Though they put up with strangers, Korats tend to form strong bonds with their owners. They will spend a lot of time cuddling, and are much more of a lap cat than anything else. They do like going off on their own from time to time, but always prefer to be back with humans they trust as the end of the day.

Korats are not a particularly vocal breed. Even so, they do make a series of noises, from chirps to soft meows, from time to time. This commonly comes about when they want attention.

2. How to Care for a Korat Cat


Unlike breeds that are able to get a wide mix of food, Korats need a steady diet of fat and protein. Though there is no exact measurement for this, it is best to find brands that contain 20 percent fat and 25 to 30 percent protein.

Kittens do best when eating food made for the early years in life, while older cats can have a more regular diet of any brands that fall in line with the above measurements.

Your Korat should get a small meal at the start of the day and one at dinner time. Keeping a solid schedule is important, as is watching your Korat’s weight. It is easy to overfeed indoor cats. If you see that your feline putting on pounds, simply scale back.


Korat’s have a short single coat that requires very little maintenance. They rarely require baths and only need to be combed roughly once a week to get rid of any dead hairs.

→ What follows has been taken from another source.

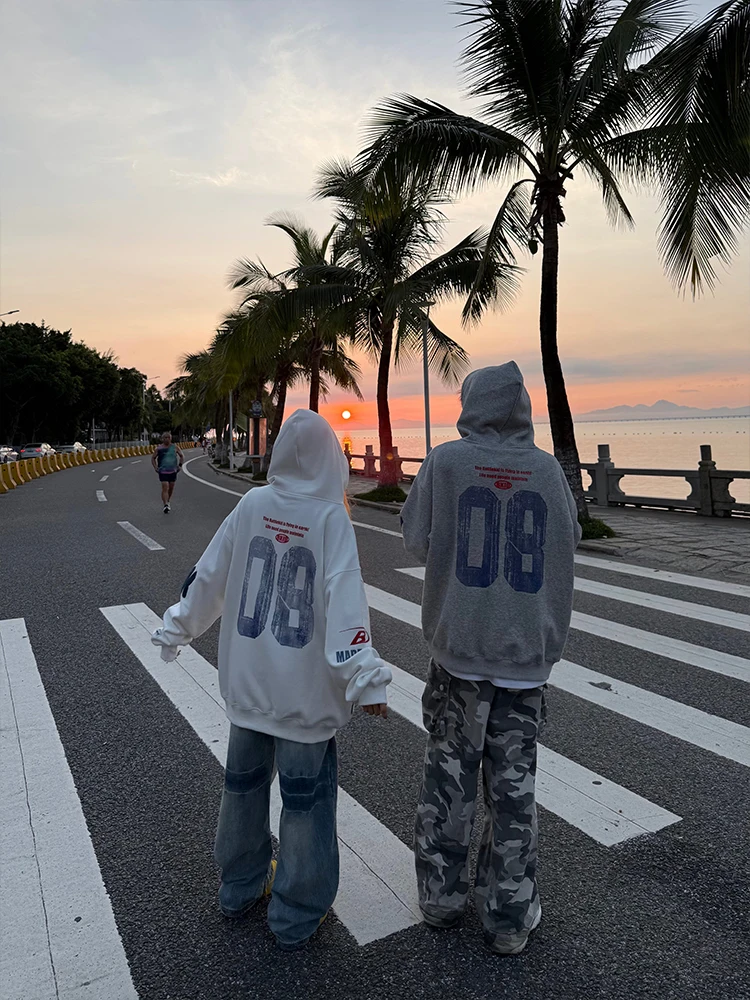 XKUO الأصلي الأمريكية إلكتروني طباعة هوديي ex الخريف جديد فضفاض عصري Jaet زوجين مطابقة سترة طويلة Sve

Brush their teeth about once a week to prevent gum disease. In that same time frame, wipe down the corner of their eyes with a damp cloth and clean their ears with a cotton ball or soft rag. Do not use swabs, however, as they can harm the inner ear.

It is important to trim their nails once every two weeks as well.


Korat cats love to play. The felines, while not as active as some other breeds, do need to be run around each and every day.

There are many ways to give your Korat kitten the exercise it needs. Toys go a long way with the breed, as do fun objects that get them up and moving. Stairways, climbing posts, and feather wands will get them running in no time at all.

Korats also enjoy walks. Taking them on short trips is a great option for owners who’ve leash or harness trained their cat.


The breed loves to give affection, but only on its own terms. Korats can be quite headstrong, which makes them tricky to properly train.

Even so, if you put in the time and effort you can get yours to play fetch, walk on a leash, and even learn different tricks.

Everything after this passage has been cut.